Greenhouse gas emissions and how to wrestle them to the ground are key elements of the Paris climate summit, COP 21. The negotiations have an element of a poker game to them. Nations argue, cajole and connive based on the state of their own and other nations' emissions. There can be a powerful incentive for some to bluff, to lie and, so far, it has worked moderately well.
What to do with those countries, inevitably the major GHG emitters, who might have reason to fudge (downward) their own numbers? That's where a "spy in the sky" could come in.
Satellites that could monitor and track greenhouse gas emissions are under development.
Most estimates of greenhouse gas emissions are now based on calculations of energy use and other proxy data, rather than on-the-ground measurements, leaving a huge margin of error when nations submit their figures to the United Nations.
While space-based measurement is unlikely to be mentioned in any deal agreed by the nearly 200 countries negotiating in Paris, the European Union is leading a push for a universal system of measuring, reporting and verifying emissions data.
European and Japanese satellites have been monitoring overall carbon concentrations in the atmosphere since 2002, but calculating emissions at a national or local level is far harder.
For example, the margin of error for China, presumed to be the world's top carbon polluter, is greater than the entire carbon footprint of Europe, according to experts.
Earlier this year, new data showed that China had consumed substantially more coal in 2014 than earlier reported, causing big revisions to carbon calculations. An earlier report showed its carbon output between 2000 and 2013 was about 3 billion tonnes less than previously estimated.
The US National Aeronautics and Space Administration (NASA), launched its first satellite to measure atmospheric CO₂ in July last year.
The challenge now is to convert the images – which pick up carbon concentrations in the form of yellow, orange, and red blobs – into emissions data, Steven Pawson, chief of the Global Modelling and Assimilation Office at NASA's Goddard Space Flight Centre, said.
NASA scientist Lesley Ott said that the satellite, named OCO-2, also showed there was potential to zoom into urban areas to record carbon pollution. A new device with that capability, OCO-3, has been developed for use on the International Space Station, but has been delayed by budget constraints, she said.
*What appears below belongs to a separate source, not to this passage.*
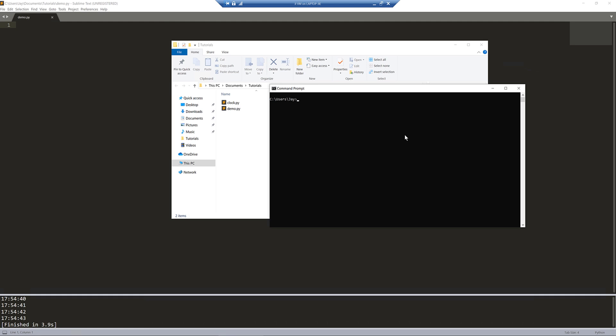Hey, how's it going guys? Welcome to another PyQt5 tutorial. My name is Jay. In this tutorial, we're going to create a digital clock for your desktop.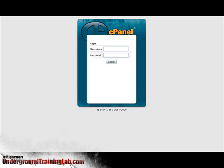So the first thing we need to do is go to our cPanel login for the account that we want to install WordPress to. So here I am, I'm just going to log in real quick.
It would be a huge advance to have verifiable emissions numbers for major emissions sources such as the Athabasca Tar Sands, or Christy Clark's 'out of sight/out of mind' natural gas development in northern British Columbia, or America's gas fracking fields. It would also be a canary in the coal mine to have accurate, timely data on feedback loops such as the discharge of seabed methane or the methane and CO2 emissions from tundra fires and the thawing permafrost beneath.
The sooner, the better. Knowledge is power. In this case it could be the power to survive.
PHOTO: An artist's depiction of NASA's "Afternoon Constellation" or "A-Train" comprising five Earth-observing satellites. Last year, OCO2, NASA's Orbiting Carbon Observatory was added to the A-Train.
1 comment:
Let's hope the technology comes online soon, Mound. There is no time to lose.